Configuring SQream
The Configuring SQream page describes SQream’s method for configuring your instance of SQream and includes the following topics:
Overview
Modifications that you make to your configurations are persistent based on whether they are made at the session or cluster level. Persistent configurations are modifications made to attributes that are retained after shutting down your system.
Modifying Your Configuration
The Modifying Your Configuration section describes the following:
Modifying Your Configuration Using the Worker Configuration File
You can modify your configuration using the worker configuration file (config.json). Changes that you make to worker configuration files are persistent. Note that you can only set the attributes in your worker configuration file before initializing your SQream worker, and while your worker is active these attributes are read-only.
The following is an example of a worker configuration file:
{
“cluster”: “/home/test_user/sqream_testing_temp/sqreamdb”,
“gpu”: 0,
“licensePath”: “home/test_user/SQream/tests/license.enc”,
“machineIP”: “127.0.0.1”,
“metadataServerIp”: “127.0.0.1”,
“metadataServerPort”: “3105,
“port”: 5000,
“useConfigIP”” true,
“legacyConfigFilePath”: “home/SQream_develop/SqrmRT/utils/json/legacy_congif.json”
}
You can access the legacy configuration file from the legacyConfigFilePath
parameter shown above. If all (or most) of your workers require the same flag settings, you can set the legacyConfigFilePath
attribute to the same legacy file.
Modifying Your Configuration Using a Legacy Configuration File
You can modify your configuration using a legacy configuration file.
The Legacy configuration file provides access to the read/write flags used in SQream’s previous configuration method. A link to this file is provided in the legacyConfigFilePath parameter in the worker configuration file.
The following is an example of the legacy configuration file:
{
“developerMode”: true,
“reextentUse”: false,
“useClientLog”: true,
“useMetadataServer”” false
}
Session vs Cluster Based Configuration
Cluster-Based Configuration
SQream uses cluster-based configuration, enabling you to centralize configurations for all workers on the cluster. Only flags set to the regular or cluster flag type have access to cluster-based configuration. Configurations made on the cluster level are persistent and stored at the metadata level. The parameter settings in this file are applied globally to all workers connected to it.

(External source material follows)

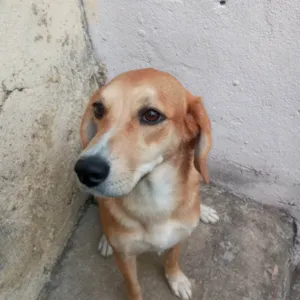 Cachorro raça SRD-ViraLata idade 1 ano nome Mel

For more information, see the following:
Using SQream SQL - modifying flag attributes from the CLI.
SQream Acceleration Studio - modifying flag attributes from Studio.
For more information on flag-based access to cluster-based configuration, see Configuration Flag Types below.
Session-Based Configuration
Session-based configurations are not persistent and are deleted when your session ends. This method enables you to modify all required configurations while avoiding conflicts between flag attributes modified on different devices at different points in time.
The SET flag_name command is used to modify flag attributes. Any modifications you make with the SET flag_name command apply only to your open session, and are not saved when it ends
For example, when the query below has completed executing, the values configured will be restored to its previous setting:
set spoolMemoryGB=700;
select * from table a where date='2021-11-11'
For more information, see the following:
Using SQream SQL - modifying flag attributes from the CLI.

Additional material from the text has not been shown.